2. If the words deanamh, bualadh, in the phrases adduced, were real Participles, then in all similar instances, it would be not only unnecessary, but ungrammatical, to introduce the preposition ag at all. But this is far from being the case. In all verbs beginning with a vowel, the preposition ag or its unequivocal representative _g_ is indispensable; as, ta iad ag iarruidh, ta mi 'g iarruidh. Shall we say, then, that verbs beginning with a consonant have a present participle, while those that begin with a vowel have none? But even this distinction falls to the ground, when it is considered that in many phrases which involve a verb beginning with a consonant, the preposition ag stands forth to view, and can on no account be suppressed; as, ta iad 'g a bhualadh _they are striking him_, ta e 'g ar bualadh _he is striking us_. From these particulars it may be inferred that the preposition ag must always precede the infinitive, in order to complete the phrase which corresponds to the English or Latin pres. participle; and that in those cases where the preposition has been dropped, the omission has been owing to the rapidity or carelessness of colloquial pronunciation.

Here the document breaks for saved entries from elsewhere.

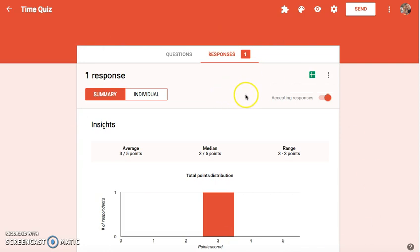So check it out and let me know what you think. Do you like the new quizzes feature for Google Forms?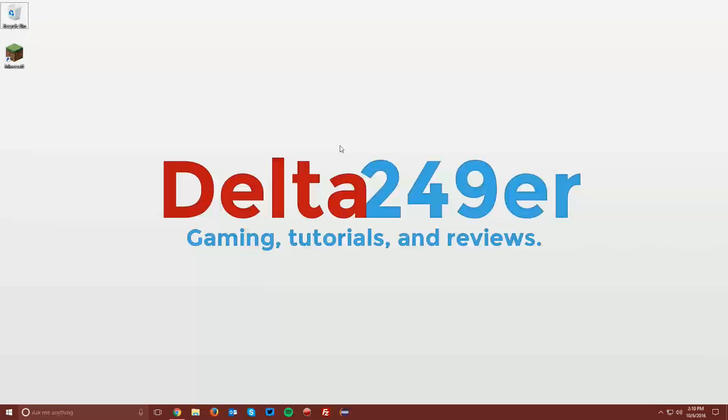Hello there guys, it's Delta249er here with a tutorial on how to install Optifine for Minecraft 1.10.2.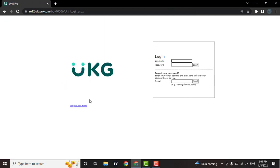After you do that, the login interface of UKG will open. Now enter your username along with your password.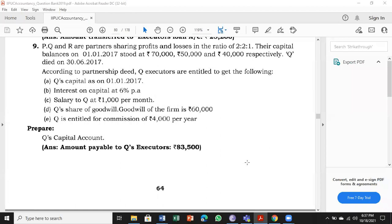Problem number nine in the question bank, page 64. P, Q, and R are partners sharing profits and losses in the ratio of 2:2:1. Their capital balances on first January 2017 — note it is January, not April, you have to be very careful about this in the examination. The balances stood at 70,000, 50,000, and 40,000 respectively.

3. A still stronger argument, in support of the same conclusion, may be derived from the regimen of the phrase in question. The infinitive of a transitive verb, preceded by any preposition, always governs the noun, which is the object of the verbal action, in the genitive. This is an invariable rule of Gaelic Syntax; thus, ta sinn a' dol a dh' iarruidh na spr['e]idhe, _we are going to seek the cattle_; ta iad ag iomain na spr['e]idhe, _they are driving the cattle_; ta iad iar cuairteachadh na spr['e]idhe, _they have gathered the cattle_. This regimen can be accounted for on no other principle, in Gaelic, than that the governing word is a noun, as the infinitive is confessed to be. Now, it happens that the supposed participle has the very same regimen, and governs the genitive as uniformly as the same word would have done, when the presence of a preposition demonstrated it to be a noun; so, ta mi bualadh an doruis, _I am knocking the door_; ta thu deanamh an uilc, _you are doing mischief_. The inference is, that even in these situations, the words--bualadh, deanamh, though accompanied with no preposition, are still genuine nouns, and are nothing else than the infinitives of their respective verbs, with the preposition ag understood before each of them.
4. The practice in other dialects of the Celtic, and the authority of respectable grammarians, affords collateral support to the opinion here defended. Gen. Vallancey, the most copious writer on Irish grammar, though he gives the name of participle to a certain part of the Gaelic verb, because it corresponds, in signification, to a part of the Latin verb which has obtained that name, yet constantly exhibits this participle, not as a single word, but a composite expression; made up of a preposition and that part of the verb which is here called the infinitive. The phrase is fully and justly exhibited, but it is wrong named; unless it be allowed to extend the name of Participle to such phrases as _inter ambulandum_, [Greek: en toi peripatein].--Lhuyd, in his Cornish Grammar, informs us, with his usual accuracy, that the Infinitive Mood, as in the other dialects of the British, sometimes serves as a Substantive, as in the Latin; and by the help of the participle _a_ [the Gaelic ag] before it, it supplies the room of the participle of the present tense, &c. "Archaeol. Brit." page 245, col. 3. This observation is strictly applicable to the Gaelic verb. The infinitive, with the particle _ag_ before it, _supplies the room of the present Participle_. The same judicious writer repeats this observation in his "Introduction to the Irish or Ancient Scottish Language": The Participle of the Present Tense is _supplied_ by the Participle _ag_ before the Infinitive Mood; as, _ag radh_ saying, _ag cainnt_ talking, _ag teagasg_ teaching, _ag dul_ going, &c. "Arch. Brit." page 303, col. 2.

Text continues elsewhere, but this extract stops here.